+++ Task data
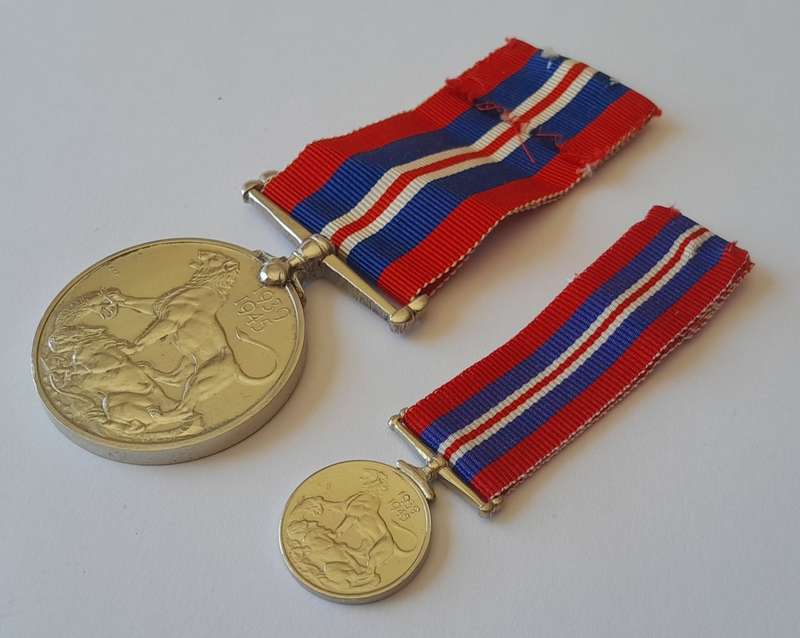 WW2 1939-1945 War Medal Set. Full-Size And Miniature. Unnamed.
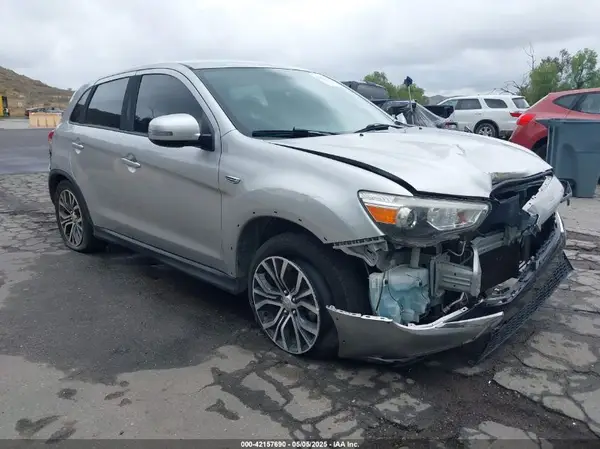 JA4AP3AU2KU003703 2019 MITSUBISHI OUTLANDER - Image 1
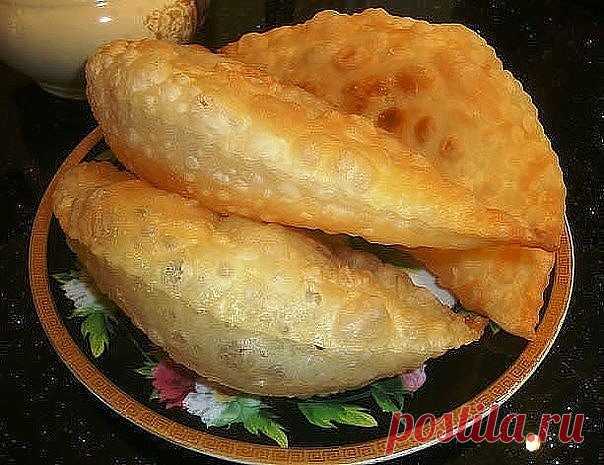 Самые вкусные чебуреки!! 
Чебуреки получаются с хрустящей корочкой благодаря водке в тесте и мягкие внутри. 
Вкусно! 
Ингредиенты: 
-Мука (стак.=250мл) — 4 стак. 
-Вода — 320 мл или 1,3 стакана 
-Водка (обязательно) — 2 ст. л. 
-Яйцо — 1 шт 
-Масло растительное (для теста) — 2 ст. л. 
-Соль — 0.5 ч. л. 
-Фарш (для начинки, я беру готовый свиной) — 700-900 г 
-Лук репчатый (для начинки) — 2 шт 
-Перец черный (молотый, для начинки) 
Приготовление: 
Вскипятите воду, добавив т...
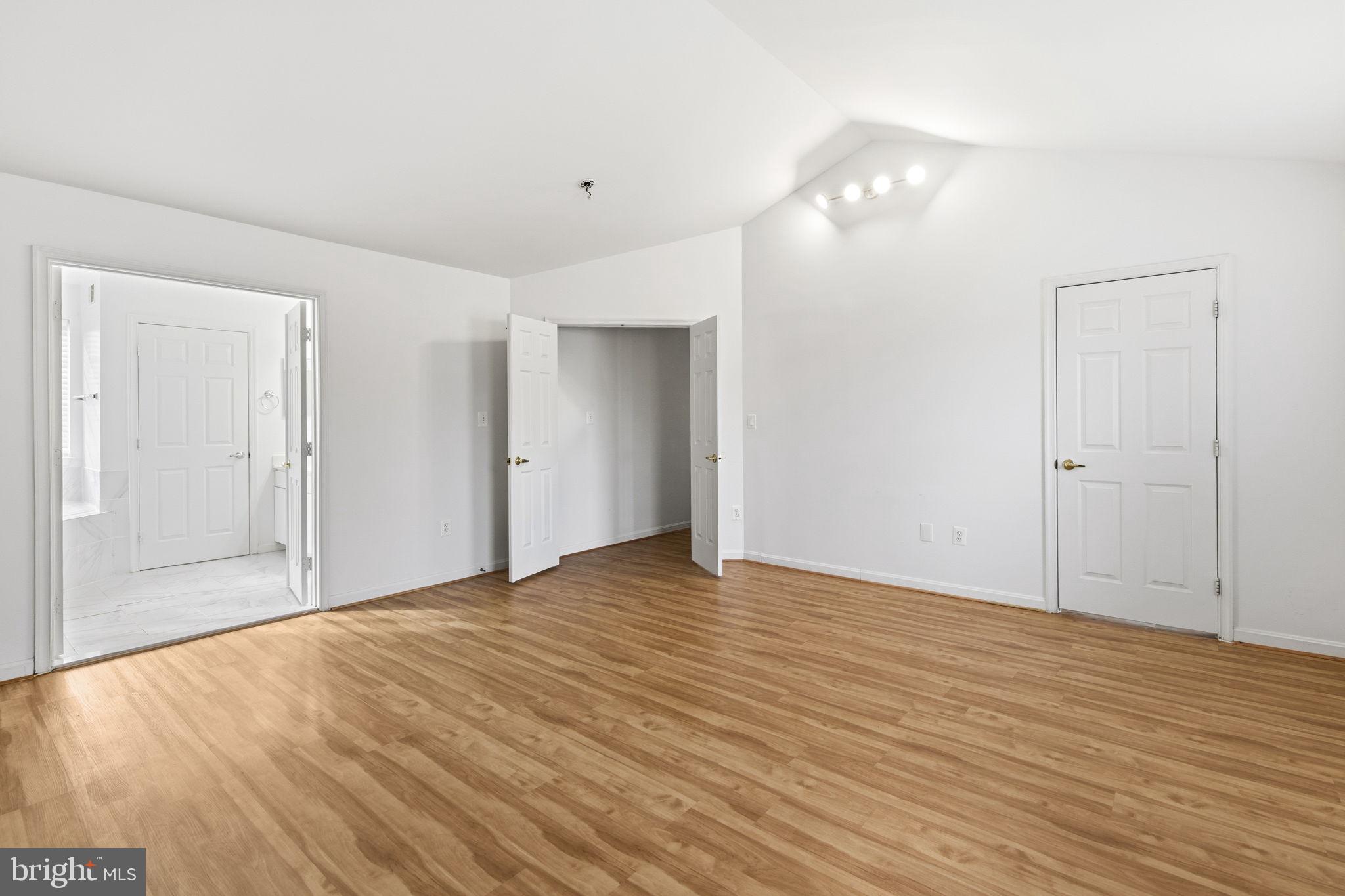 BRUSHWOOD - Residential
++++++
What to do
All entries above must be duplicated exactly; please omit any picture they hold.

Solution for this problem
 WW2 1939-1945 War Medal Set. Full-Size And Miniature. Unnamed.
 JA4AP3AU2KU003703 2019 MITSUBISHI OUTLANDER - Image 1
 Самые вкусные чебуреки!! 
Чебуреки получаются с хрустящей корочкой благодаря водке в тесте и мягкие внутри. 
Вкусно! 
Ингредиенты: 
-Мука (стак.=250мл) — 4 стак. 
-Вода — 320 мл или 1,3 стакана 
-Водка (обязательно) — 2 ст. л. 
-Яйцо — 1 шт 
-Масло растительное (для теста) — 2 ст. л. 
-Соль — 0.5 ч. л. 
-Фарш (для начинки, я беру готовый свиной) — 700-900 г 
-Лук репчатый (для начинки) — 2 шт 
-Перец черный (молотый, для начинки) 
Приготовление: 
Вскипятите воду, добавив т...
 BRUSHWOOD - Residential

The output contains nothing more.